Wer kennt es nicht? Wenn eine Aufforderung eines UN-Ausschusses ins Haus flattert, dann muss man natürlich erst einmal die eigene Zuständigkeit prüfen, und das kann schon einige Wochen dauern. Ich halte es ehrlich gesagt für unwahrscheinlich, dass es so eine Situation, über die in dieser Newsletter-Ausgabe berichtet wird, in der Geschichte der Bundesrepublik noch nie gegeben haben soll, so dass man Neuland betreten würde und tatsächlich wochenlang prüfen müsste. Schreiben Sie mir gerne, wenn Sie mehr wissen. Abgesehen davon geht es in dieser Newsletter-Ausgabe um Zurückweisungen an der deutschen Grenze, um Afghanistan und Syrien, um irreführende Hinweise des Bundesamts für Migration und Flüchtlinge und um die rechtliche Verschränkung von Rückkehrentscheidungen und Ausreisefristen.

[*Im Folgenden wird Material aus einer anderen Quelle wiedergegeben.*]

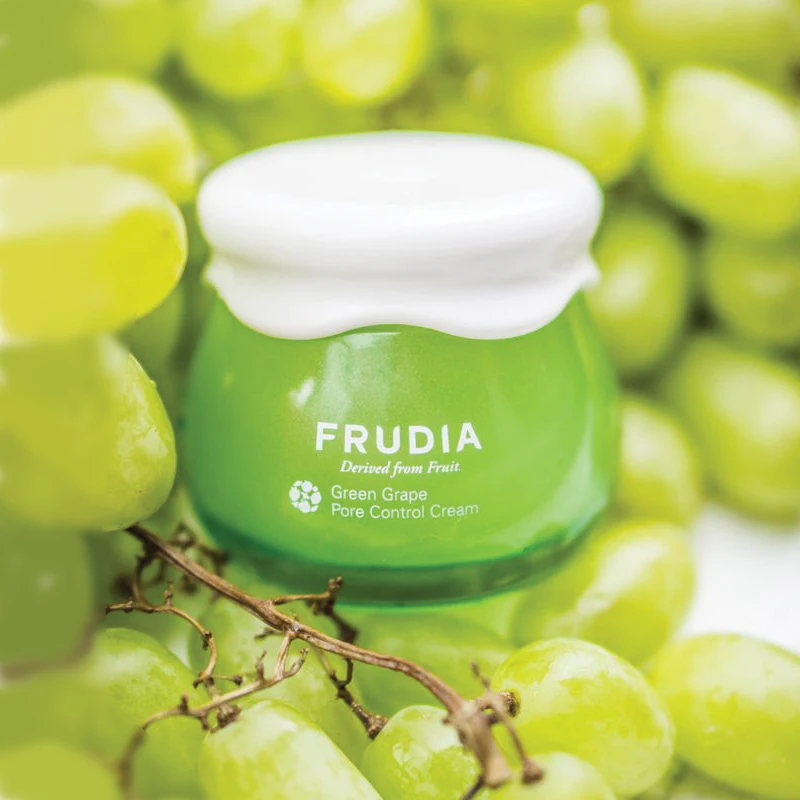 Крем для лица-зеленый виноградный крем контроля пор mini Frudia жирной или сухой кожи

Deutsche Behörden ignorieren UN-Sozialausschuss
Vor ziemlich genau vier Wochen hatte der UN-Sozialausschuss die deutsche Bundesregierung dazu aufgefordert, einem Schutzsuchenden in Thüringen soziale Leistungen zu gewähren, insbesondere Unterkunft, Gesundheitsversorgung und jedenfalls Leistungen, die dem Existenzminimum entsprechen, solange seine Individualbeschwerde vor dem UN-Ausschuss behandelt wird. Am 13. November 2025 berichtet die tagesschau, dass die zuständigen Behörden dieser Aufforderung bislang nicht gefolgt sind, der Beschwerdeführer vielmehr immer noch obdachlos und ohne jede Versorgung ist. Gleich mehrere Bundesministerien und das zuständige Landratsamt in Thüringen würden die Verantwortung für den Fall hin und her schieben, so die tagessschau.

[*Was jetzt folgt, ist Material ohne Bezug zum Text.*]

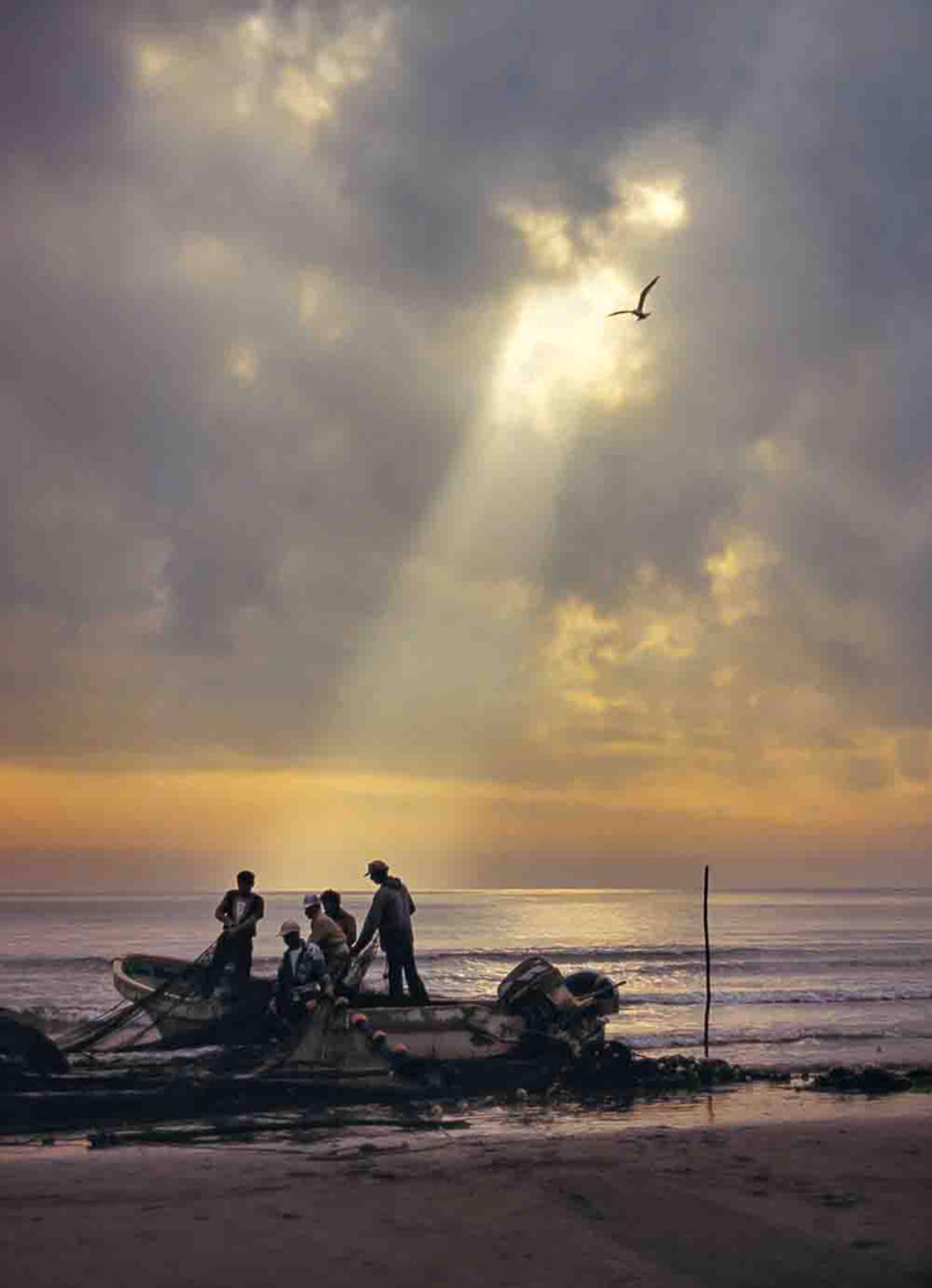 Veracruz, Fishermen at Dawn by Charles Porter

Immerhin werden diverse Bundesministerien mit der Aussage zitiert, dass man den Fall „intensiv“ prüfe und sich austausche. Der Bericht ist lesenswert, weil er sich auch zur Frage äußert, wie rechtlich bindend so eine Aufforderung eines UN-Ausschusses für deutsche Behörden eigentlich ist.
Neues von den Zurückweisungen
Nachdem es eine Zeit lang eher ruhig um das Verfahren war, in dem eine minderjährige Somalierin im Sommer diesen Jahres im Eilverfahren erfolgreich gegen ihre Zurückweisung an der deutsch-polnischen Grenze geklagt hatte, kommt wieder Bewegung in die Sache. Medienberichten zufolge (siehe hier und hier) hat die Klägerin ihre Klage umgestellt und will im Hauptsacheverfahren jetzt die Feststellung erreichen, dass ihre Zurückweisung rechtswidrig war.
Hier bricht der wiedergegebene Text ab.